Sales of Blu-ray movies were up 75% year-to-year at the start of December, according to Nash Information Services, and are expected to nearly double for the full year. Blu-ray is on track to be a $2 billion business this year, while the DVD business—down 13% through the first three quarters of the year—is expected to shrink to $8 billion.
According to movie industry executives a combination of the weak economy, online piracy and low-cost rental and streaming services such as that being offered by Telstra, has driven continued declines in DVD sales this year, but strong growth in Blu-ray—premium-priced discs that offer a higher-quality home viewing experience—suggests consumers still have an appetite for physical home-movie products.

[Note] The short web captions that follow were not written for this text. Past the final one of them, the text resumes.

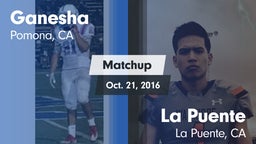 Matchup: Ganesha  vs. La Puente  2016
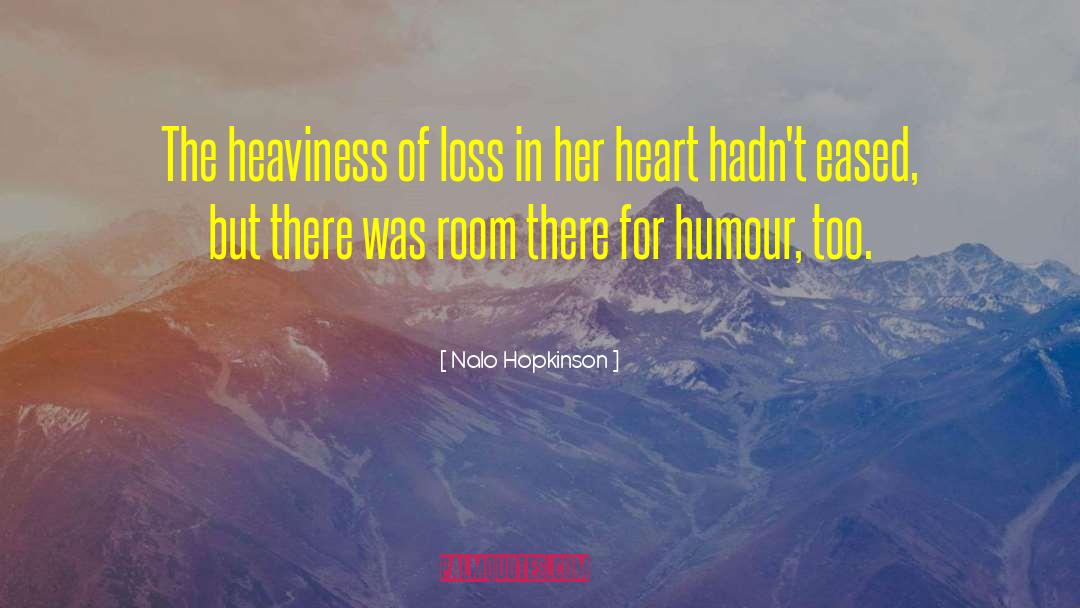 Heaviness quotes by Nalo Hopkinson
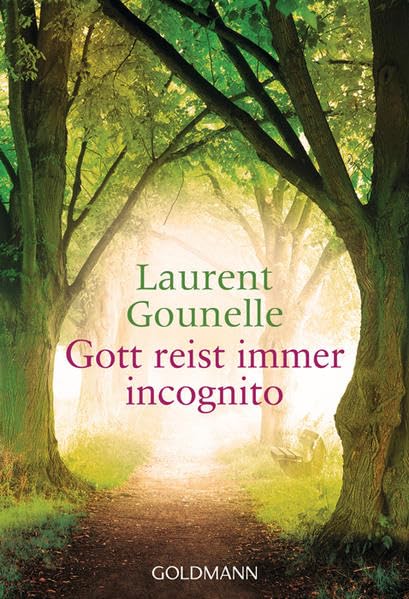 Gott reist immer incognito, Laurent Gounelle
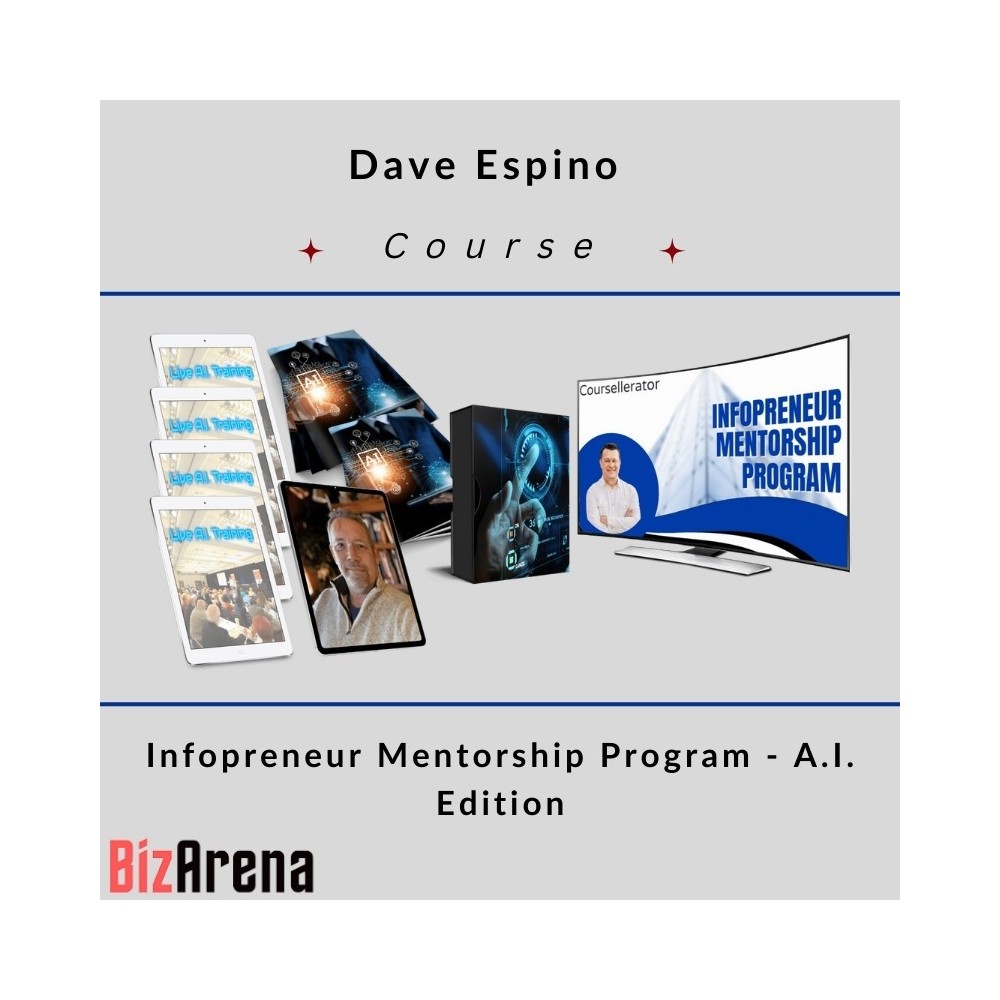 Dave Espino - Infopreneur Mentorship Program Courses - A.I. Edition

“Blu-ray is not going to live up to its older brother—the DVD—but if people don’t give up on physical products prematurely, it still has the potential to have a decent run,” said Russ Crupnick, entertainment analyst with NPD Group, a market-research firm. “There’s a much better selection on Blu-ray than on video-streaming services, and people are far more comfortable with the format, so I think the industry is in danger of moving faster than consumers want to on these new online platforms.”
The Wall Street Journal reports that the NPD Group has said that 13% of households had a Blu-ray player at the beginning of the year, and that number could rise to 20% early next year, driven by a proliferation of Blu-ray players available for under $150.
“Blu-ray is on the brink of becoming really mainstream,” said Bruce Nash, head of Nash Information Services, who expects it to grow into about one-third of the home video market. “If you look back five years, people would buy DVDs on their way home on a Friday in order to watch a film—maybe only once. With Blu-ray, people are a lot more selective. They’ll watch those one-time movies on-demand through their cable provider or they’ll wait to rent it through Netflix, but big movies like ‘Inception,’ ‘Avatar’ and ‘Toy Story 3’ can be successful on Blu-ray.”
On Thursday, Amazon.com was selling the three-disc extended collector’s edition of “Avatar” on Blu-ray for $24.99, while the DVD version was priced at $15.49.
Studios are bolstering their Blu-ray offerings by selling titles in value packs that also include a DVD version of the film and a digital file that can be transferred to a laptop or mobile device.